When you look for answer in stackoverflow about R, you might have many wtf moment. There are many absurd-hacky answers that people gladly offer. This is often frustating. I think this paragraph resembles a lot with R situation:

Just for reference, 80% of awful Perl "code" in my $work falls under this - it was written by financial analysts who are smart enough to pick up a Perl book and some earlier scripts, clone off a script that does what business need is, and don't have CS/programming background to worry about how readable/maintainable their code was. - from stackoverflow

This short guide shows a minimal way to get something done in R.

Installation

Install R and RStudio.

At the time of writing, their versions are R 3.6.1 and RStudio 1.2

RStudio also has built-in vim keybinding support. It is not perfect, but works good enough. The setting is on Tools > Global Options > Code > Keybindings > Vim.

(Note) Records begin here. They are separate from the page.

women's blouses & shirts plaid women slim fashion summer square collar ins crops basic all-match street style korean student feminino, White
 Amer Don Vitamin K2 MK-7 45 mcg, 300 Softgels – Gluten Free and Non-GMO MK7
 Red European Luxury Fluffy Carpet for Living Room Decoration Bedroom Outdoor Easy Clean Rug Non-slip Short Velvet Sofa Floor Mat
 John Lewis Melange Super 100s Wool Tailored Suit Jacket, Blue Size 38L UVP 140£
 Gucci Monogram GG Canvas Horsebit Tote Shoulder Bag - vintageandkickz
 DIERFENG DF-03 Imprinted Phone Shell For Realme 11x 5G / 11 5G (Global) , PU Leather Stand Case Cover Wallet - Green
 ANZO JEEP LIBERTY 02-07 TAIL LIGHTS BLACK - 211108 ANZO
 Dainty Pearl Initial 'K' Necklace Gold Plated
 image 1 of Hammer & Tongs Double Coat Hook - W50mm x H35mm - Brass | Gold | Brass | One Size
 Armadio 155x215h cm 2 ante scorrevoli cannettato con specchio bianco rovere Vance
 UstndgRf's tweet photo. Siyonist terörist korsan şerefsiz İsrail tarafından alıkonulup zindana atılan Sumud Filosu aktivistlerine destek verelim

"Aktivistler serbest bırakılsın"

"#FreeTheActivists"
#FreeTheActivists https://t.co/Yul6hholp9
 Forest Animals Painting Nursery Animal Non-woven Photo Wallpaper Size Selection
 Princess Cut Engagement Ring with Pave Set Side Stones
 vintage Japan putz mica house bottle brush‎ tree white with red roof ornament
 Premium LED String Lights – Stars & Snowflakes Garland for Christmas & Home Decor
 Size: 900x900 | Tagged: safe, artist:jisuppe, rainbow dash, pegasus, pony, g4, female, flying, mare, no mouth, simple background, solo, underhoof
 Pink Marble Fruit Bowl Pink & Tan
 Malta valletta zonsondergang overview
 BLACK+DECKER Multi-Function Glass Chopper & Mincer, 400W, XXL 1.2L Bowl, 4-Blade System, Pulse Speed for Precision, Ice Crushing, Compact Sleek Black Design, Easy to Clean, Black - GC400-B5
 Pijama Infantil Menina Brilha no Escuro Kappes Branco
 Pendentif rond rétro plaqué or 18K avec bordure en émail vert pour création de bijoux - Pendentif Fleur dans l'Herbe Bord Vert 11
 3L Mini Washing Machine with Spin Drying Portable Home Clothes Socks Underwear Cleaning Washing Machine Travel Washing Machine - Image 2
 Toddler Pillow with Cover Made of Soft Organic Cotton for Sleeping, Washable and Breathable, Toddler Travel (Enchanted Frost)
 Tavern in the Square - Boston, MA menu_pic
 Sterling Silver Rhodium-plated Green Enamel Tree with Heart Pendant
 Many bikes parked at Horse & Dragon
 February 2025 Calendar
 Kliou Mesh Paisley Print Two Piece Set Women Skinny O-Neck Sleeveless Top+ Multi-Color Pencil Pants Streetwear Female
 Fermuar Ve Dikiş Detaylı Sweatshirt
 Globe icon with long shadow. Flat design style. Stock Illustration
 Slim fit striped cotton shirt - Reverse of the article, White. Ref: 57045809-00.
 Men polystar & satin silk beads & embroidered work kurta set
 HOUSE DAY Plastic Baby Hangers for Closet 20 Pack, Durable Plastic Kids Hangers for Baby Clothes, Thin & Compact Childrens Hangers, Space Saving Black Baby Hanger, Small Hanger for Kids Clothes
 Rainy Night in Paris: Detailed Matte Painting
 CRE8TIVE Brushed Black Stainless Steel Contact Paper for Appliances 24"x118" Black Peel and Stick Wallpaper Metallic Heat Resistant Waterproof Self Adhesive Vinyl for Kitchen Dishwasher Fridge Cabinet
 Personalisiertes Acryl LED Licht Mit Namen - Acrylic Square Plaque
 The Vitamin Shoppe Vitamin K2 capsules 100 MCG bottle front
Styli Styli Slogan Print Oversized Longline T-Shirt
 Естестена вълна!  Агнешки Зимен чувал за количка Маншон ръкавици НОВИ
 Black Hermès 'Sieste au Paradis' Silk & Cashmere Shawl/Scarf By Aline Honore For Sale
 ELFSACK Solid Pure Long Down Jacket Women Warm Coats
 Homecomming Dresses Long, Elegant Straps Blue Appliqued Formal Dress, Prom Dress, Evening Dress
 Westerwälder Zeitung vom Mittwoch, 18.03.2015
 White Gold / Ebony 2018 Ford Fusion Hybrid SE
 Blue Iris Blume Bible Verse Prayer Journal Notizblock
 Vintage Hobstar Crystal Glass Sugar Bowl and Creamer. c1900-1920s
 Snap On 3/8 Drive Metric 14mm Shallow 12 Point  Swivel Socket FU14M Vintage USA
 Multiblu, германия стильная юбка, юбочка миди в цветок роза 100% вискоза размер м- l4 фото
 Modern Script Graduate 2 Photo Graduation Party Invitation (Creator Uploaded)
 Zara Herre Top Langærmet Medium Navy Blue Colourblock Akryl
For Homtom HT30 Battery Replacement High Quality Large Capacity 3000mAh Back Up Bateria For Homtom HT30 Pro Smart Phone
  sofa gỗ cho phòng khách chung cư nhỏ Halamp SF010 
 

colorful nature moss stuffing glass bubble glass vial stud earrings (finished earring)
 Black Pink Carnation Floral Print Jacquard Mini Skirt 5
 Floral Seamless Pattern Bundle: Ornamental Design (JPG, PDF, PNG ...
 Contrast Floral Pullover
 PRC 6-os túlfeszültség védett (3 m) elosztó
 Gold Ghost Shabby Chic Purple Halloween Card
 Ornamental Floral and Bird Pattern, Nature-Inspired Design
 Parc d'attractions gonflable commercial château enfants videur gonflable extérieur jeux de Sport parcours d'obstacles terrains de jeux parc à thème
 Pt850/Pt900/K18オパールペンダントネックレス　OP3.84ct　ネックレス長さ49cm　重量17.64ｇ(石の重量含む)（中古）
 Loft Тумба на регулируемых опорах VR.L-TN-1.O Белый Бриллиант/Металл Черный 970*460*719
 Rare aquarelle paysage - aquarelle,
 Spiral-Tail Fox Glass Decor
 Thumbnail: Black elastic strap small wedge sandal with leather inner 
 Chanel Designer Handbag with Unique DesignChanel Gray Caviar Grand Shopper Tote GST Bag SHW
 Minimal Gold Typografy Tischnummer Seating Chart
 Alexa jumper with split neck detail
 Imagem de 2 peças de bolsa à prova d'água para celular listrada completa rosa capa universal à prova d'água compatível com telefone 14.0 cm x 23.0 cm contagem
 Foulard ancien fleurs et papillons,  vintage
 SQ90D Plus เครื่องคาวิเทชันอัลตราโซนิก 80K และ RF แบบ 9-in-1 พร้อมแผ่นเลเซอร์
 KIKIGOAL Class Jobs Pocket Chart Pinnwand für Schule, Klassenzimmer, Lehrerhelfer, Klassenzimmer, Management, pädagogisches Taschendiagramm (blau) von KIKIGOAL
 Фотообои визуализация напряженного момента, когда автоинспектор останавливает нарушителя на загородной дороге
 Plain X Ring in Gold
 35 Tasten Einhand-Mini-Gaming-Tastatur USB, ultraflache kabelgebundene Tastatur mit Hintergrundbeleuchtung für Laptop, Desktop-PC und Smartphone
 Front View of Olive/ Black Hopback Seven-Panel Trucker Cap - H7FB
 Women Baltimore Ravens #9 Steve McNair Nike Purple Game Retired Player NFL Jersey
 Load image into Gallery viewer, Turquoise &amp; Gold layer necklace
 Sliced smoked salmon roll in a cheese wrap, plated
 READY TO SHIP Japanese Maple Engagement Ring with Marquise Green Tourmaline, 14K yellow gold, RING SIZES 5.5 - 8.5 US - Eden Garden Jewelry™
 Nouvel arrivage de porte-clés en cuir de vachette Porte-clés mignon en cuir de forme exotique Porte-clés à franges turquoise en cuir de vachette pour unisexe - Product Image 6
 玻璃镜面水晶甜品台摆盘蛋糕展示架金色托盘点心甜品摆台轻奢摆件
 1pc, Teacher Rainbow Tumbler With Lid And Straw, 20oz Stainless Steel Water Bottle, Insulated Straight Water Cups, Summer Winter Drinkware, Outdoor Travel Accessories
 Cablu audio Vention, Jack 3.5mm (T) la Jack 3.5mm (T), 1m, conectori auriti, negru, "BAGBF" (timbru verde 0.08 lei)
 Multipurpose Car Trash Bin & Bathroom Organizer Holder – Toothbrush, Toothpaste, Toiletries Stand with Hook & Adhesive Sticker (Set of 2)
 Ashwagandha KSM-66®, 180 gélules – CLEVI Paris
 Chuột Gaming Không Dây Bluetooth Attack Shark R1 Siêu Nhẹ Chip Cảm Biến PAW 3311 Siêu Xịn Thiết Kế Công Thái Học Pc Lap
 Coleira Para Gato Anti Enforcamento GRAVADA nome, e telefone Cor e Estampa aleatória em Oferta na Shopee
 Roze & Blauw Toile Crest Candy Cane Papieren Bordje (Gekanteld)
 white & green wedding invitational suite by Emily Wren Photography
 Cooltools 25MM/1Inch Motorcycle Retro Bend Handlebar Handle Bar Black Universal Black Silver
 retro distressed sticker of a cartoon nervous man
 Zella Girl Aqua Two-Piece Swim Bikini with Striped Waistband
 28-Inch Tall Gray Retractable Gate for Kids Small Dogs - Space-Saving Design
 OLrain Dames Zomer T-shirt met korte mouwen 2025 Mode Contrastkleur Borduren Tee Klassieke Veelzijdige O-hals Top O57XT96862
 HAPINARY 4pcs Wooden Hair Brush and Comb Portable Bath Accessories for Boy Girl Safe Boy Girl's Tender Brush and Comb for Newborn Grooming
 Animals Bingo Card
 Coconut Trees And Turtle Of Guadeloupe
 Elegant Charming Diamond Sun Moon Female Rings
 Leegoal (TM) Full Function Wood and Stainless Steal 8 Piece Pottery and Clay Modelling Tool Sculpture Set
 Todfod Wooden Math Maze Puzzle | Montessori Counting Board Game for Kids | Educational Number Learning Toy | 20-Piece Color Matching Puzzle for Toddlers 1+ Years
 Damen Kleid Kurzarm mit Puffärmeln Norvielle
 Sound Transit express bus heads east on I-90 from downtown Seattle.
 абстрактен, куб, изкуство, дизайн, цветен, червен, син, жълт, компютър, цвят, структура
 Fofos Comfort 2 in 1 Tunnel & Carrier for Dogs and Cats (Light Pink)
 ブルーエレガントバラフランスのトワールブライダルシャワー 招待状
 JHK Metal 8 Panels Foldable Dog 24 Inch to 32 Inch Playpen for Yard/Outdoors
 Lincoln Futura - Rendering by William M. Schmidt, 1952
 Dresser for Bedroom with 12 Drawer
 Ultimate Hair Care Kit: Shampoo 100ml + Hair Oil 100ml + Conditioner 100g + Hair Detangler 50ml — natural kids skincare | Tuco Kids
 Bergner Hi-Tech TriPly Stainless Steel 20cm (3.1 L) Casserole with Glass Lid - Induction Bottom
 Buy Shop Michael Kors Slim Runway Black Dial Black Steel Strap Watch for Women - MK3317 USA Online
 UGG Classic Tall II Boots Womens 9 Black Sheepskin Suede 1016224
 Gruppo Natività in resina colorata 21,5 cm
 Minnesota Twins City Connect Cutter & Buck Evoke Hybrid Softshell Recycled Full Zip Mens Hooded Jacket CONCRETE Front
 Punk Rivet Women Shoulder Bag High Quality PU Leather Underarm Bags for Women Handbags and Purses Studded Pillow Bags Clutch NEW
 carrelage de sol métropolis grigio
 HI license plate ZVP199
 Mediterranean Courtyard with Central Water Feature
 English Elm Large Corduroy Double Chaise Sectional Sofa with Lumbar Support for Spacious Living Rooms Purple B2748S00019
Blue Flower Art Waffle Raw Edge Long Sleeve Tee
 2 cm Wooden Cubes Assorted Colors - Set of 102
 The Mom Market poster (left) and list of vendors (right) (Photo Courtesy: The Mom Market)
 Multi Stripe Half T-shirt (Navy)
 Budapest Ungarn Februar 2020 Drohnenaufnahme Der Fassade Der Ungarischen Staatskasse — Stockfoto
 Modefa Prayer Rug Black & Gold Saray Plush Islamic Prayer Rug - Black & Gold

Change RStudio working directory: RStudio > Preferences > General > Default working directory.

Spark

To use Spark:

  1. Install Java. Download JDK 8 from corretto. Using Java 8 because last time I tried, Spark only works with Java 8.
  2. Install Spark from RStudio:
install.packages("sparklyr")
library(sparklyr)

spark_available_versions()  # see available version
spark_install(version = "2.4")  

Working with RStudio

RStudio UI

Create a new file, then the top left pane is where you write the script. The console (R REPL) is on the bottom left pane. Plots and documentation is on the bottom right pane.

Navigating RStudio

On mac, Ctrl is Cmd, and Alt is Option. These shortcut can help you to reach mouse/trackpad less often.

  • Ctrl+1 -> move cursor to top-left pane (script area).
  • Ctrl+2 -> move cursor to console (REPL).
  • Ctrl+Enter on the script area -> run the statement/expression where the current cursor is at.
x <-
    42  # when your cursor is here and you press ctrl+enter,
        # the entire `x <- 42` statement is run, not 42 only.
  • Alt+Enter -> same as Ctrl+Enter, but your cursor will stay on the same line (not moved down).
  • Block text then Ctrl+enter -> run selected code.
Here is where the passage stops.